RE: [Patch] R/W lock slowness on Windows (Was: Windows R/W lock comment / Reader Writer lock performance on Windows)
-Original Message- From: Ivan Zhakov [mailto:i...@visualsvn.com] Sent: woensdag 27 augustus 2014 15:29 To: Bert Huijben Subject: Re: [Patch] R/W lock slowness on Windows (Was: Windows R/W lock comment / Reader Writer lock performance on Windows) Hi Bert! Did you get any feedback about this from APR developers? What do you think about my suggestion that I've posted on apr@ mailing list? I didn't get any feedback except yours :( 1) In general apr doesn't promise anything about its output arguments on error cases, so I'm not sure if we should start look at this specifically here. (Other platforms don't care and I see at least one that don't set it on all error cases) 2) Same reasoning: Other platforms differ here, so I don't see any requirement to keep Windows strictly as it was. Bert On 4 August 2014 02:27, Ivan Zhakov i...@visualsvn.com wrote: On 2 August 2014 13:02, Bert Huijben b...@qqmail.nl wrote: Hi, With this mail I would like to ping the original problem with the second patch I send to the list. This patch doesn't have the likely original problems of potentially changing the lock behavior to a spin lock, but provides all the performance improvements anyway. It just replaces the Windows inter-proces mutex in the apr code with the already existing apr-mutex implementation, which is usually implemented as the far more efficient Windows in-process Critical section. This makes the implementation 10* to 140* times more efficient on Windows and more similar to the performance on other platforms. A performance fix like this is critical for Subversion, or we would have to implement our own r/w locking implementation for our caching infrastructure. Hi Bert, Comments on your patch: 1. It seems behavior of apr_thread_rwlock_create() functions changes a bit: code in trunk intializes output *rwlock pointer to NULL in case of error, while your patch returns pointer to partially initialized object. It seems that apr_thread_rwlock_create() doesn't have API promise to initalize output to NULL, but I think it's better to leave current behavior. 2. The apr_thread_rwlock_unlock() currently uses checked mutex behavior for its logic. This is possible reason why current rwlock implementation uses OS mutexes instead of cirtical sections. I don't see problem with proposed change though. -- Ivan Zhakov -- Ivan Zhakov CTO | VisualSVN | http://www.visualsvn.com
Re: [Patch] R/W lock slowness on Windows (Was: Windows R/W lock comment / Reader Writer lock performance on Windows)
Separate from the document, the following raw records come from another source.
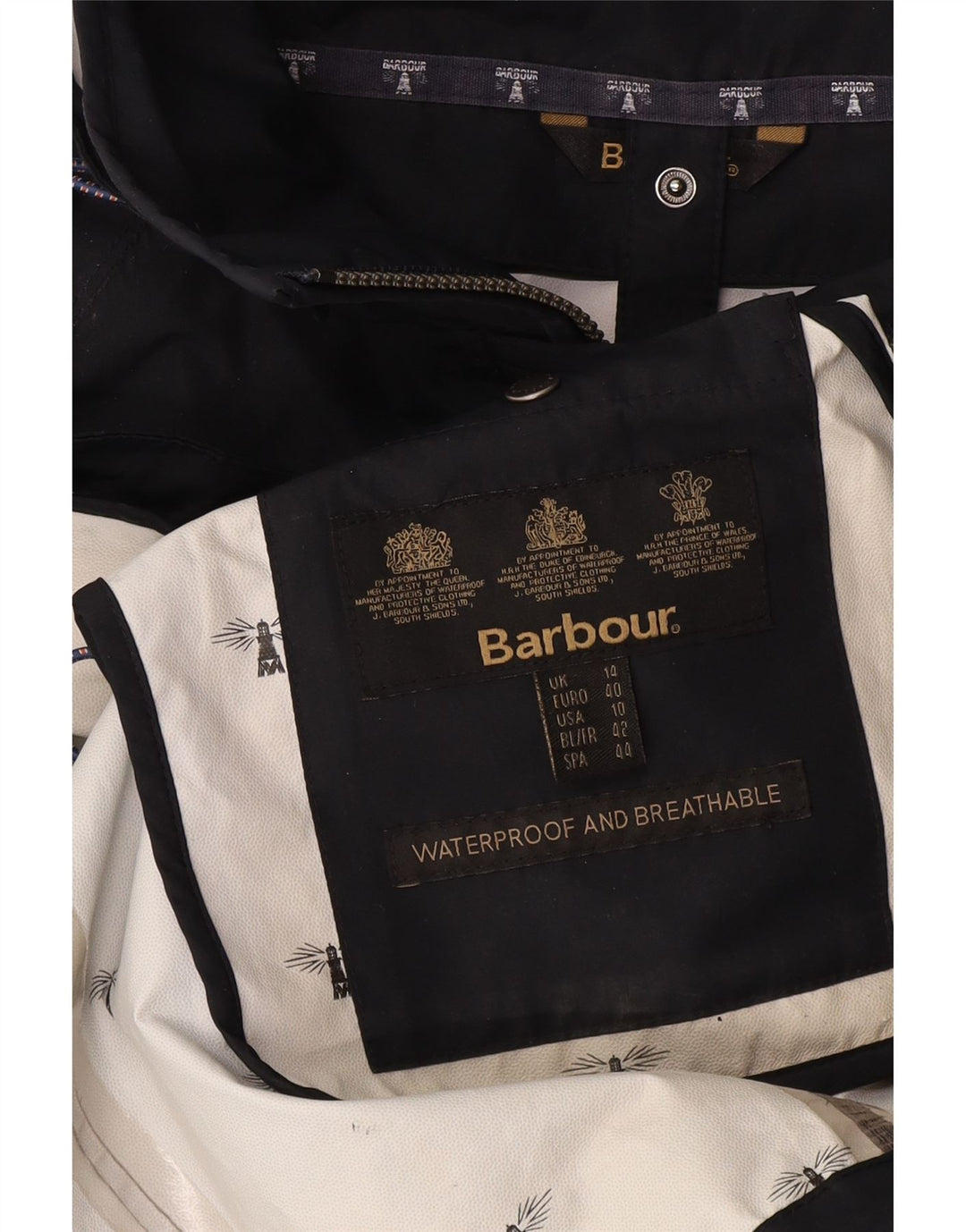 Barbour Dame Hooded Parka Jacket UK 14 Large Navy Blue Polyester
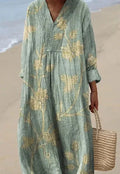 Floral 3D printed shirt dress with regular sleeves and a wide waist, shown in picture style colour.
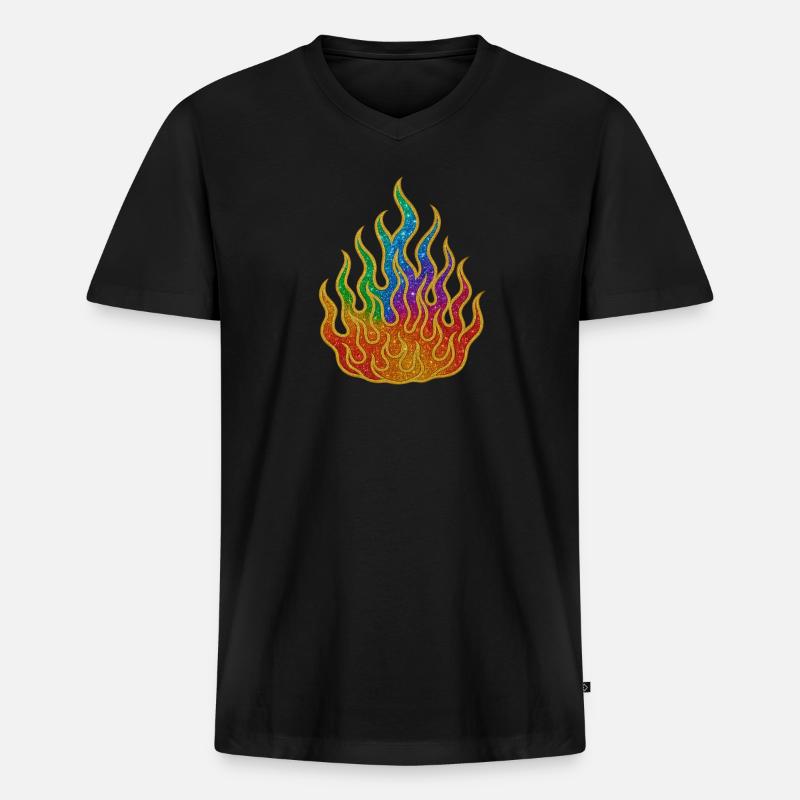 Regenbogenfeuer Glitzerflamme - Männer Premium Bio T-Shirt mit V-Ausschnitt - Schwarz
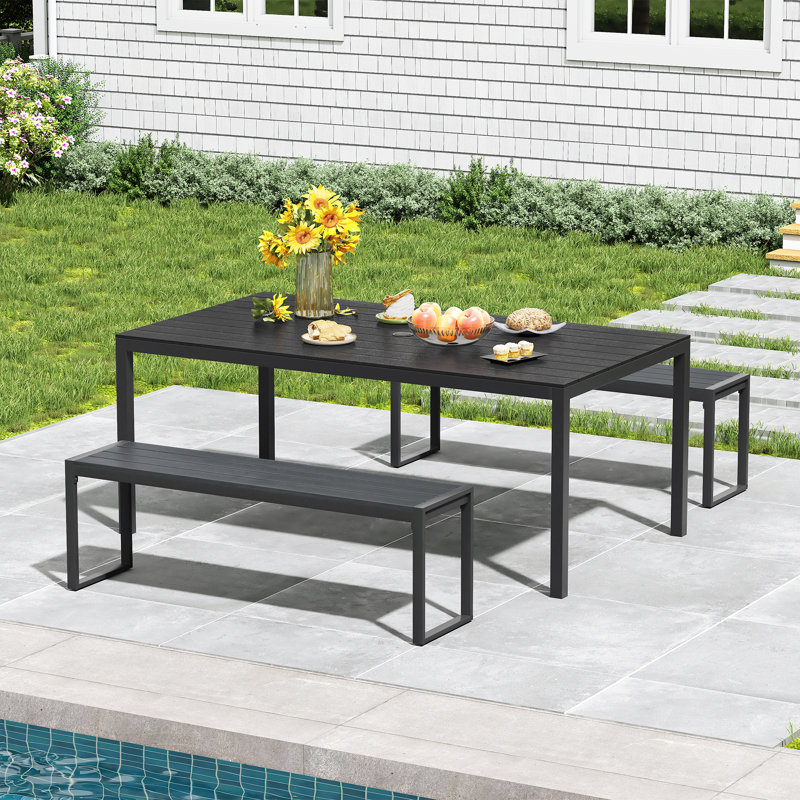Rectangular Patio Dining Set Wtin Benchs, Black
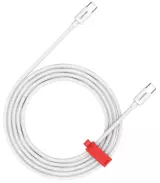 Кабель Canyon USB-C/USB-C, 60W, Braided 1.2m, White (CC60AB)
On 27 August 2014 17:34, Bert Huijben b...@qqmail.nl wrote: -Original Message- From: Ivan Zhakov [mailto:i...@visualsvn.com] Sent: woensdag 27 augustus 2014 15:29 To: Bert Huijben Subject: Re: [Patch] R/W lock slowness on Windows (Was: Windows R/W lock comment / Reader Writer lock performance on Windows) Hi Bert! Did you get any feedback about this from APR developers? What do you think about my suggestion that I've posted on apr@ mailing list? I didn't get any feedback except yours :( 1) In general apr doesn't promise anything about its output arguments on error cases, so I'm not sure if we should start look at this specifically here. (Other platforms don't care and I see at least one that don't set it on all error cases) Yes, I know that general practice do not initialize output arguments on error, but I think it worth to keep old behavior because this is very sensitive area (deadlocks and etc). 2) Same reasoning: Other platforms differ here, so I don't see any requirement to keep Windows strictly as it was. Ok. -- Ivan Zhakov
Re: [Patch] R/W lock slowness on Windows (Was: Windows R/W lock comment / Reader Writer lock performance on Windows)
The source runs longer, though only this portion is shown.